# Material provided:
☆ ☆ ☆
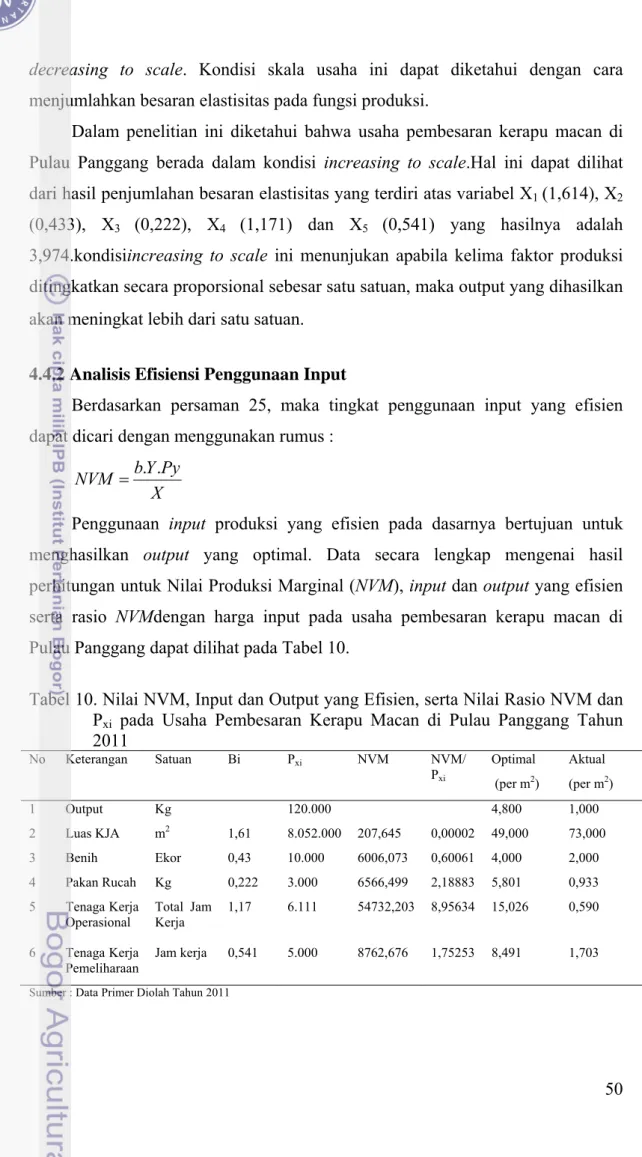 Tabel 10. Nilai NVM, Input dan Output yang Efisien, serta Nilai Rasio NVM dan  P xi  pada Usaha Pembesaran Kerapu Macan di Pulau Panggang Tahun  2011  No Keterangan  Satuan  Bi  P xi  NVM NVM/  P xi Optimal   (per m 2 )  Aktual (per m 2 )  1 Output  Kg  12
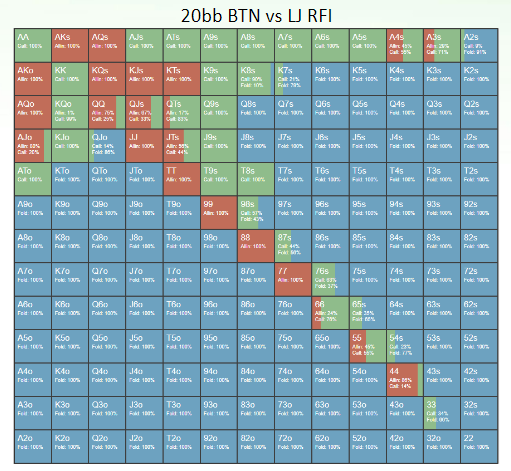 GTO Chart describes the best All-in, Raise, Fold actions for the 20bb BTN vs LJ RFI chart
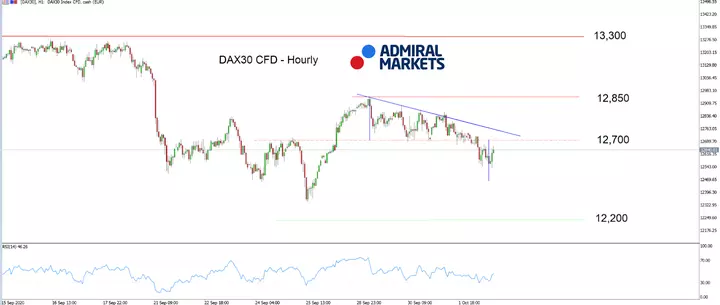 Admiral Markets MT5 with MT5SE Add-on DAX30 CFD Hourly chart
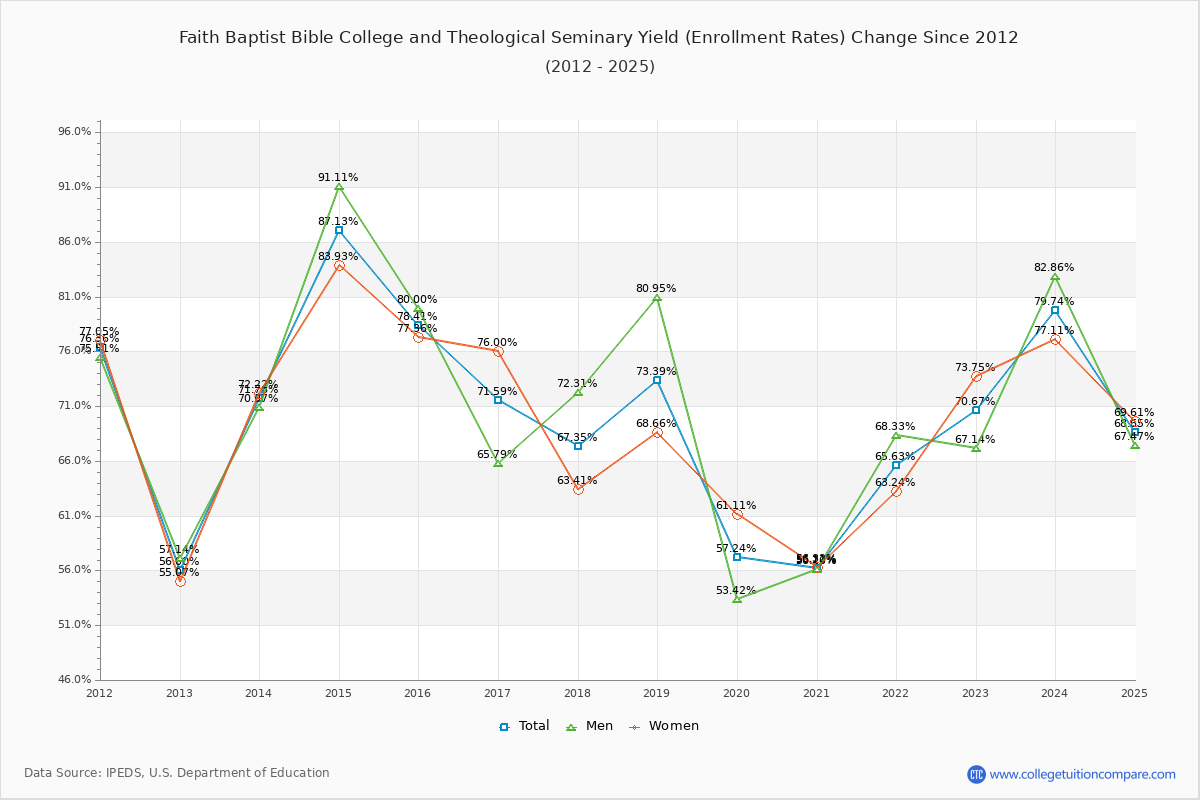 Faith Baptist Bible College and Theological Seminary enrollment rate trends chart showing historical yield changes from 2015 to 2025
☆ ☆ ☆
# Aim of the exercise:
Could you give the material again exactly as it stands, omitting any image?

# Solution below:
 Tabel 10. Nilai NVM, Input dan Output yang Efisien, serta Nilai Rasio NVM dan  P xi  pada Usaha Pembesaran Kerapu Macan di Pulau Panggang Tahun  2011  No Keterangan  Satuan  Bi  P xi  NVM NVM/  P xi Optimal   (per m 2 )  Aktual (per m 2 )  1 Output  Kg  12
 GTO Chart describes the best All-in, Raise, Fold actions for the 20bb BTN vs LJ RFI chart
 Admiral Markets MT5 with MT5SE Add-on DAX30 CFD Hourly chart
 Faith Baptist Bible College and Theological Seminary enrollment rate trends chart showing historical yield changes from 2015 to 2025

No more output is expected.